Prolific composer John Cale kicks off 2023 with a double album

It’s hard to convey how much the music of John Cale means to me. The Welsh-born polymath cofounded the Velvet Underground, bringing a crucial avant-garde perspective to the band; he’d worked with experimental titans Tony Conrad and La Monte Young back when Lou Reed was still writing teenage doo-wop pastiches. When Cale left the band in 1968, they lost his exploratory edge and viola sawing. They started writing pop songs, and Cale did the same. His 1970 record Vintage Violence features catchy nuggets that reference classical music, creating an elegiac vibe he further explored on 1973’s Paris 1919 (perhaps his best-loved album to date). Over the next several decades he also brought his inventive, eloquent perspective to synth pop, piano ballads, and alt-rock and amassed a body of work in movie music, writing scores and soundtracks for independent films as well as box-office hits such as American Psycho.

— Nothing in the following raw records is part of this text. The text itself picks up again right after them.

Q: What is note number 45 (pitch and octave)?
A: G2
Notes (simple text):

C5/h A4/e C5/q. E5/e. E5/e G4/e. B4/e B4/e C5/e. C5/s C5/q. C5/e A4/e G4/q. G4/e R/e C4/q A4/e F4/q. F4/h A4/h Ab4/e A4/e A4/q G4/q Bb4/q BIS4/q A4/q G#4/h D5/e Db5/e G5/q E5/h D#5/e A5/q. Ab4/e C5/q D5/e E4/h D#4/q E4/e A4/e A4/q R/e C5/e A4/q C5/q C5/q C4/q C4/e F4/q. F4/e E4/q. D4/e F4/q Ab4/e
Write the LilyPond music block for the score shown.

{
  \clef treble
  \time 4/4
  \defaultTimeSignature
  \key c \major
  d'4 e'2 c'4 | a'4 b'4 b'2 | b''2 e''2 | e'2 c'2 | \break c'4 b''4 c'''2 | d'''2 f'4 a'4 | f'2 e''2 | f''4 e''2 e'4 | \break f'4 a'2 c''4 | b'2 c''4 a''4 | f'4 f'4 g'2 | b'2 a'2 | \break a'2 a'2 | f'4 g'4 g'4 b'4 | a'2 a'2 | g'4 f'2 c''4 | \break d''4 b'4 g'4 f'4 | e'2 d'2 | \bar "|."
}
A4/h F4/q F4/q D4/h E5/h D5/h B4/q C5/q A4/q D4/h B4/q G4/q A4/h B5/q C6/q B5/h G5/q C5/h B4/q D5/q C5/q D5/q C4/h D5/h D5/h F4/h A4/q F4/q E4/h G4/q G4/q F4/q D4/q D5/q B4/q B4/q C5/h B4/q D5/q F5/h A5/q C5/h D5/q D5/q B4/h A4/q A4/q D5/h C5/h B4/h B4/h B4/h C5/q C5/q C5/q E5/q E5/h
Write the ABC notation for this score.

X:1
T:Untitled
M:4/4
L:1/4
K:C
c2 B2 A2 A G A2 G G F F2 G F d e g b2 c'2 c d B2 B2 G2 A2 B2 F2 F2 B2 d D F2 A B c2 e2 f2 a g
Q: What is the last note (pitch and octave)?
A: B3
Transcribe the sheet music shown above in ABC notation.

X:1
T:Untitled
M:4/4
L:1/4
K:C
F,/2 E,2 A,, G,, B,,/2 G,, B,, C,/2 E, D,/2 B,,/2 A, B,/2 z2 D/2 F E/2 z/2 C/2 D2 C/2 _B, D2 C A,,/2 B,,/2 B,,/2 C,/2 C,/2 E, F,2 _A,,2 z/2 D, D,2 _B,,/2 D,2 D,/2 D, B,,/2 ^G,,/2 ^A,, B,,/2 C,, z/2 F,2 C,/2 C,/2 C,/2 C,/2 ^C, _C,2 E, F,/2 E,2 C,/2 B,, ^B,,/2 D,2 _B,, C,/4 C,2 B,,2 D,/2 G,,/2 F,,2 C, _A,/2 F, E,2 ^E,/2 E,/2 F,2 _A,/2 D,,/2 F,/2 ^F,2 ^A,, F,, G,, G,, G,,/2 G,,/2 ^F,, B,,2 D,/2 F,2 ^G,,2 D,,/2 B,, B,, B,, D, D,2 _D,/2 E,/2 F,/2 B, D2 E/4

Cale’s brand-new double LP, Mercy, is his first since 2016’s M:FANS (itself a reworking of 1982’s Music for a New Society), though he hasn’t left music in the meantime—I caught him in concert at the School of the Art Institute in January 2020. Written over several years, Mercy feels conditioned by the pandemic and other world tragedies and often seems to seek redemption in dark times. The title track expresses this in seething, queasy adult-contemporary songcraft with cold synths and sparse, hollow percussion reminiscent of Fleetwood Mac’s Tusk. “Marilyn Monroe’s Legs (Beauty Elsewhere)” and “Not the End of the World” are captivating bits of illbient tuneage; the instrumental elements cascade in and out, and Cale bathes his smooth brogue and wordless grunts in oodles of delay. “Moonstruck” is a spacey, orchestral ode to Nico, Cale’s Velvet Underground bandmate and longtime collaborator, that recalls his classic symphonic 70s period—it gives him room to breathe in his own sense of time. 

Mercy unfortunately relies a little too heavily on chintzy digital beats and glitchy avant-garde electronica, both of which start to feel dated and played out. The album is also loaded with collaborations, not all of which feel necessary. “Time Stands Still” has a sweet melody (it even incorporates a Christmas madrigal), but the subtle computer manipulations and whispered vocals from Amelia Meath of Sylvan Esso feel redundant. The Auto-Tuned vocal loops that Animal Collective provide to start “Everlasting Days” are hard for me to listen to, because it bothers me to hear the mythic Cale paired with sub-Beach Boys indie cutesiness—and the song’s wafer-thin backbeat is absolutely abysmal.

Some of the guest stars work great, though: on the epic art-rock ballad “Story of Blood,” Natalie Mering of Weyes Blood adds deep, ethereal background vocals that complement Cale’s baritone (I could imagine Nico recording the track in her later period). The thoroughly weird “The Legal Status of Ice,” made with the unfortunately named Fat White Family, relies on thin computer-generated stuff but also uses what sounds like a touch of analog percussion, thus approaching actual rock ’n’ roll. The album closes with the plaintive “Out Your Window,” which starts with Cale on piano and vocals before swirling into a thicker composition. It had me longing for a proper Cale solo album, without the distractions of extraneous musicians or programmed rhythms that sound 15 years out of date. Sure, he’s mined that stripped-down terrain before, but I prefer it when he focuses on his smart lyrics and his talent for summoning moods. That said, Mercy has its great moments, and it may yet grow on me.

John Cale’s Mercy is available through Domino.